Чтобы отбиться памятью от тоски в сердце, Тихон мaхом сбросил овчину, сел в лодье. Приложил руку к глазам.
Впереди на северной заре желтой звездой горел огонь, отсвечивали высокие розовые паруса.
«Должно, опять асей[5] бежит», — думал Тихон. Уже третий корабль Тихонова ватага встречает за день — летят иноземные люди в Архангельск на поживу!
Встречное судно приближалось быстро. Груженый корабль «Счастливое предприятие» то трудно лез, поскрипывая, на гребни, то с шумом рушился в бурые пазухи волн, качаясь мачтами мерно и скушно, словно хромой в дальней дороге.
Море кипело.

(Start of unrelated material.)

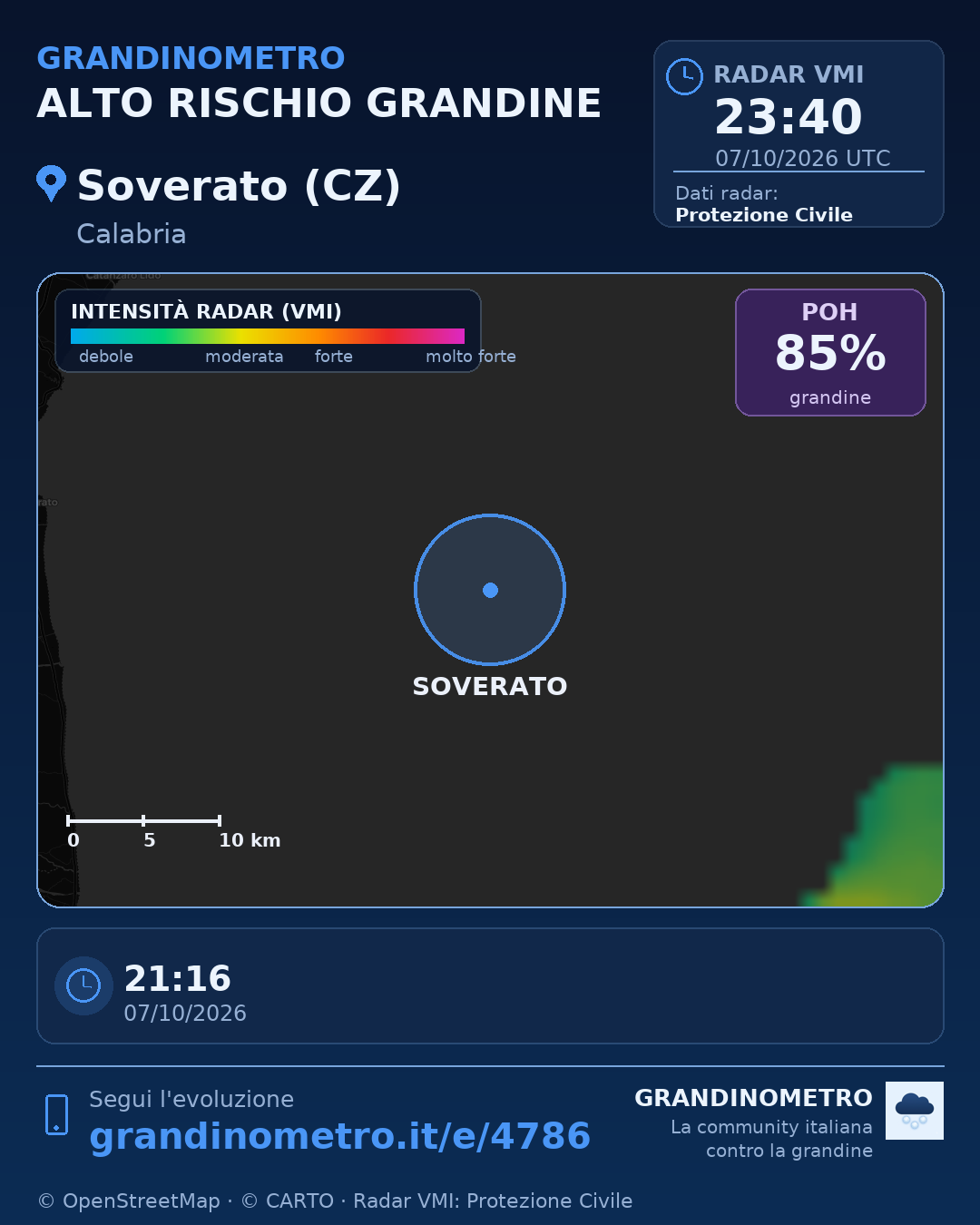 Mappa dell'evento: grandine a Soverato (CZ)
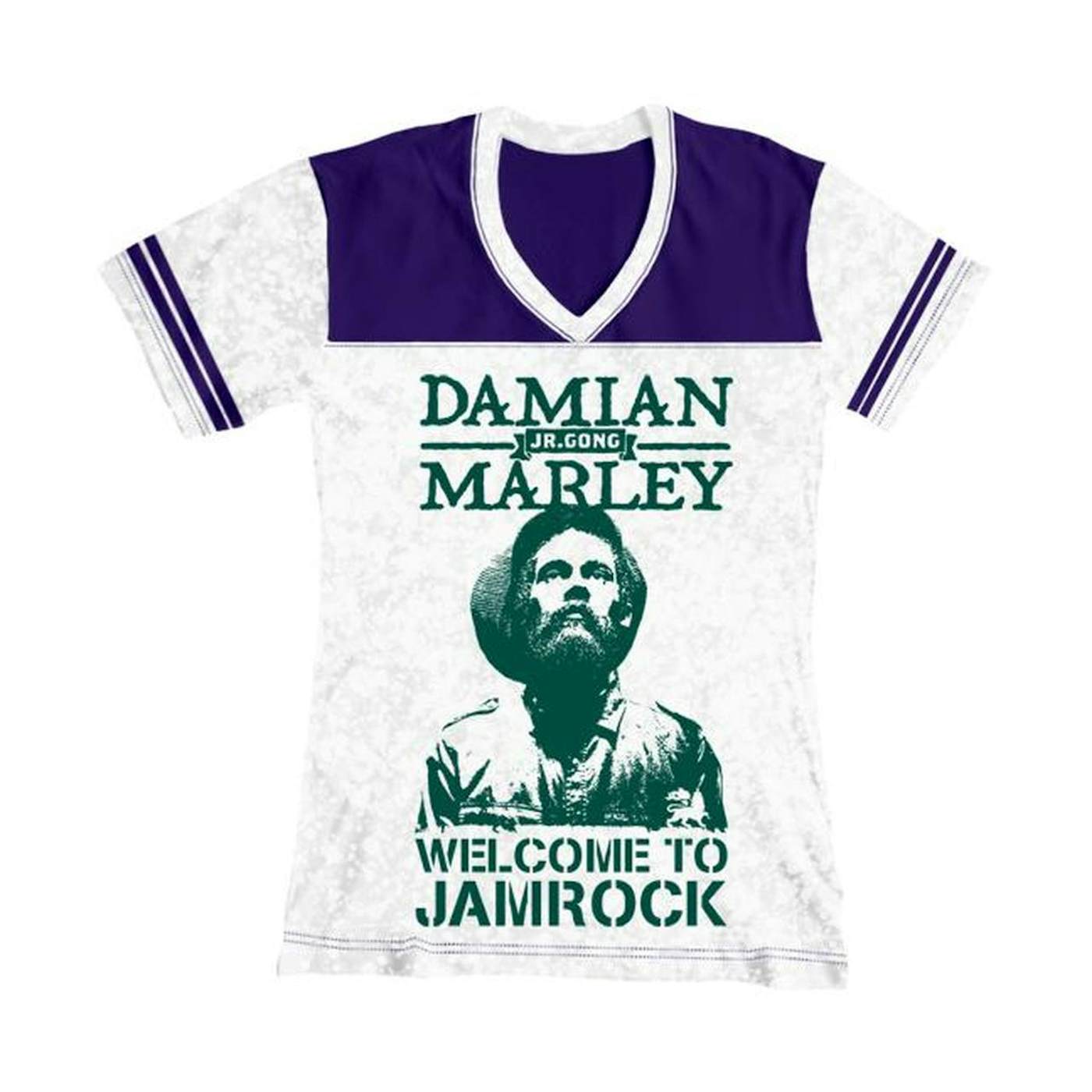Damian Marley Welcome to Jamrock Women's Football T-Shirt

Бессонные чайки, скособочась, крича пронзительно, крутились над дубовой палубой, чуть не задевая крыльями старого Джексона. Тот чертыхался — боялся, что задует кованый фонарь на высоком полуюте.
— Чертовы птицы! — ворчал Джексон. — Визжат, как обезьяны. Чертово море! Кто разберет, ночь тут или день! Только зажжешь фонарь — и опять светло!